RECORDS TO PROCESS:
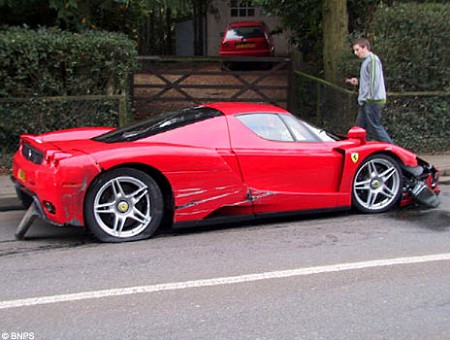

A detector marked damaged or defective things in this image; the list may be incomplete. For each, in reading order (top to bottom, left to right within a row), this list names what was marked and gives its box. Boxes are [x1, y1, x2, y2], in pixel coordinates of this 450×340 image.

crashed red ferrari [10, 101, 440, 242]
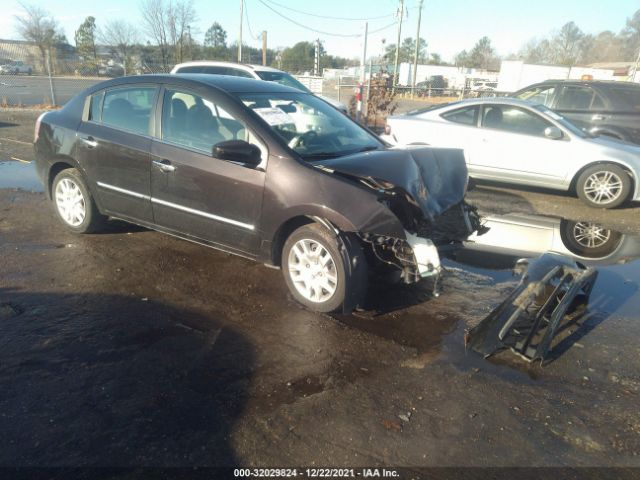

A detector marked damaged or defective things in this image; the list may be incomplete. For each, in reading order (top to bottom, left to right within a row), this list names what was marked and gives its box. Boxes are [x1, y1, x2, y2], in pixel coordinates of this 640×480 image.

black damaged sedan [32, 74, 478, 312]
detached car part on ground [33, 74, 480, 314]
damaged front bumper [462, 253, 596, 362]
detached car part on ground [462, 253, 596, 362]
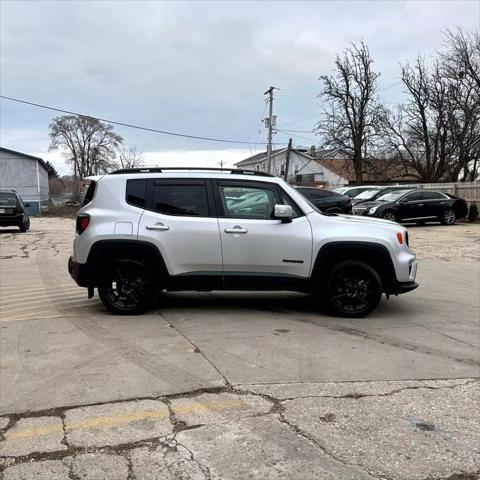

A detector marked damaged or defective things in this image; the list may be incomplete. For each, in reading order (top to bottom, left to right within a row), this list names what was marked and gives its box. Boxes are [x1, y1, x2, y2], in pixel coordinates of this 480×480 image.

cracked asphalt [0, 218, 478, 480]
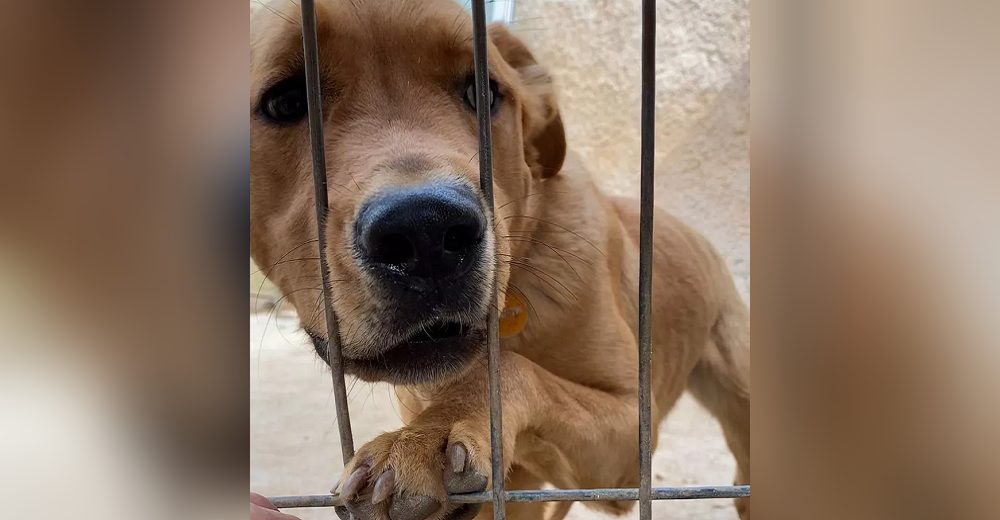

WHAT YOU WILL DO: Set out nothing but the lines from the line with "this 640×480 image." through the end of the material, reproduced exactly, both ends included, pictures omitted.

EXERCISE ANSWER:
A detector marked damaged or defective things in this image; the list may be incomplete. For each, in reading order (top to bottom, left to right within a row), this list names what was marked and gives its box. Boxes are [x1, y1, x2, y2], in pixel coordinates of this 640×480 image.

black damaged sedan [32, 74, 478, 312]
detached car part on ground [33, 74, 480, 314]
damaged front bumper [462, 253, 596, 362]
detached car part on ground [462, 253, 596, 362]

A detector marked damaged or defective things in this image; the list may be incomplete. For each, in reading order (top to bottom, left to right within a row), this list names what was marked and gives its box. Boxes are [x1, y1, x2, y2], in pixel coordinates of this 480×480 image.

cracked asphalt [0, 218, 478, 480]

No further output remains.